[Mesa-dev] [PATCH 4/4] i965: Convert reloc.target_handle into an index for I915_EXEC_HANDLE_LUT

Daniel Vetter daniel at ffwll.ch
Fri Jul 7 10:31:46 UTC 2017


On Mon, Jun 19, 2017 at 11:06:50AM +0100, Chris Wilson wrote:
> Passing the index of the target buffer via the reloc.target_handle is
> marginally more efficient for the kernel (it can avoid some allocations,
> and can use a direct lookup rather than a hash or search).
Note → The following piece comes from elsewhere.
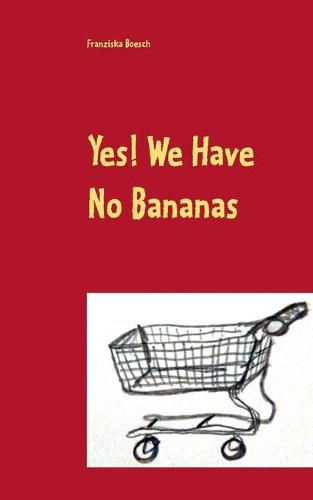 Cover image for Yes! We Have No Bananas: Alltagliches und Absurdes aus dem Supermarkt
It is also
> useful for ourselves as we can use the index into our exec_bos for other
> tasks.
> 
> v2: Only enable HANDLE_LUT if we can use BATCH_FIRST and thereby avoid
> a post-processing loop to fixup the relocations.
> 
> Signed-off-by: Chris Wilson <chris at chris-wilson.co.uk>
> Cc: Kenneth Graunke <kenneth at whitecape.org>
> Cc: Matt Turner <mattst88 at gmail.com>
> Cc: Jason Ekstrand <jason.ekstrand at intel.com>
> ---
>  src/mesa/drivers/dri/i965/brw_context.h       |  1 +
>  src/mesa/drivers/dri/i965/intel_batchbuffer.c | 82 ++++++++++++++++++++-------
>  2 files changed, 61 insertions(+), 22 deletions(-)
> 
> diff --git a/src/mesa/drivers/dri/i965/brw_context.h b/src/mesa/drivers/dri/i965/brw_context.h
> index 2fb2cab918..93ddd0825a 100644
> --- a/src/mesa/drivers/dri/i965/brw_context.h
> +++ b/src/mesa/drivers/dri/i965/brw_context.h
> @@ -450,6 +450,7 @@ struct intel_batchbuffer {
>  
>     uint32_t state_batch_offset;
>     enum brw_gpu_ring ring;
> +   bool has_batch_first;
>     bool needs_sol_reset;
>     bool state_base_address_emitted;
>  
> diff --git a/src/mesa/drivers/dri/i965/intel_batchbuffer.c b/src/mesa/drivers/dri/i965/intel_batchbuffer.c
> index 15aaf01e52..5fa849c5a5 100644
> --- a/src/mesa/drivers/dri/i965/intel_batchbuffer.c
> +++ b/src/mesa/drivers/dri/i965/intel_batchbuffer.c
> @@ -40,6 +40,10 @@
>  
>  #define FILE_DEBUG_FLAG DEBUG_BUFMGR
>  
> +#define DBG_NO_BATCH_FIRST 0
> +#define I915_PARAM_HAS_EXEC_BATCH_FIRST 48
> +#define I915_EXEC_BATCH_FIRST (1 << 18)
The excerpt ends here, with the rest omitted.